I will leave that fight aside… because I would have to look at the numbers myself to see which set of numbers I would believe.

But, I am struck by something buried in Mr. Porath’s argument that seems to contradict his opposition to Miss Peters and supports exactly what the main thrust of her book is saying.

Mr. Sanders sums up her thesis thusly: ”Much of Miss Peters’ book argues that at the same time that Jewish immigration to Palestine was rising, Arab immigration to the parts of Palestine where Jews had settled also increased. Therefore, in her view, the Arab claim that an indigenousArab population was displaced by Jewish immigrants must be false, since many Arabs only arrived with the Jews.

Mr. Sanders writing says: “Yet neither he (Mr. Porath) nor any of the detractors I have read has taken on the most striking of her demonstrations in favor of her case, dealing with the phenomenon she calls “in-migration” – that is, the movement of Arabs from other parts of Palestine into the main areas of Jewish settlement. She shows that in the years 1893 to 1947, while the Palestinian Arab population slightly more than doubled in areas where no Jews were settled, it quintupled in the main areas of Jewish settlement. How can this difference be accounted for without including Arab migration as a factor?"

Mr. Porath goes about explaining how that can be… and in the meantime he proves just how that happened.

First, Mr. Porath discounts evidence that Palestine was a wasteland due to the fact that the person Mr. Sanders quoted in his review about this fact was a Zionist. Okay… but there is evidence from numerous sources i.e, Mark Twain being just one observer who wrote that Palestine was in fact desolate and void of population.

Mr. Porath writes about “in-migrants”: “It is true nevertheless that during the Mandate period, the Arab population of the coastal area of Palestine grew faster than it did in other others. But this fact does not necessarily prove an Arab immigration into Palestine took place. More reasonably it confirms the very well-known fact that the coastal area attracted villagers from the mountainous parts of Palestine who preferred the economic opportunities in the fast-growing areas of Jaffa and Haifa to the meager opportunities available in their villages.

The coastal area had several main attractions for the Arab villagers. The found jobs in constructing, and later working in, the port of Haifa, The Iraq Petroleum Company refineries, the railway, workshops, and the nascent Arab industries there. They also took part in the large-scale cultivation of the citrus groves between Haifa and Jaffa and found jobs connected with the shipment of citrus fruits from the Jaffa port. Contrary to what Mr. Pipes claims, all these developments had almost nothing to do with the growth of the Jewish National Home.
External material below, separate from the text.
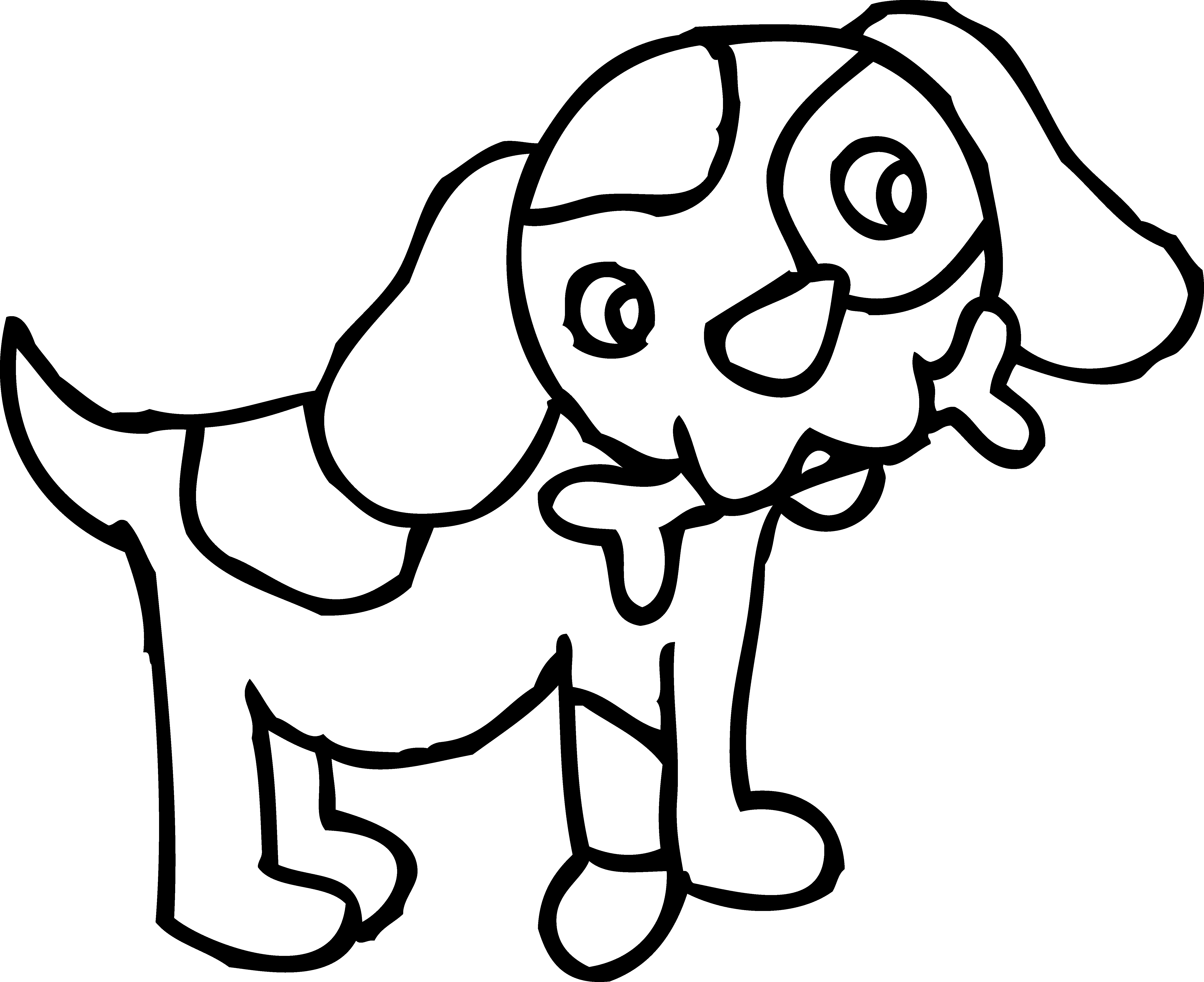Black - Pup Black And White, Transparent background PNG HD thumbnail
The main foreign factor that brought them about was the Mandatory government. The Zionist settlers had a clearly stated polity against using Arab labor or investing in Arab industries.”

First of all, Mr. Porath is in denial if he thinks that the explosion in labor had nothing to do with the Jews reclaiming the land and planting and growing citrus crops. He accounts it only to the British government. We know that government can produce jobs… and may be responsible for some of the opportunities presented to Arab workers… but that doesn’t refute Miss Peters’ argument that the growth of the Arab population in Western Palestine was due to “in-migrant” workers and not landed Arabs who were displaced by Zionists from lands they have owned since time immemorial.

And to say that the Jews never hired Arab workers is not true. Yes, there were instances where the Jews would not work with Arabs but left the labor to Jews. But that is not true in every situation. As the land was reclaimed… and Jewish immigration was stymied by British capitulation to Arab demands, the Jews were forced to work with Arabs (paying them great wages), which lead to more Arab “in-migration”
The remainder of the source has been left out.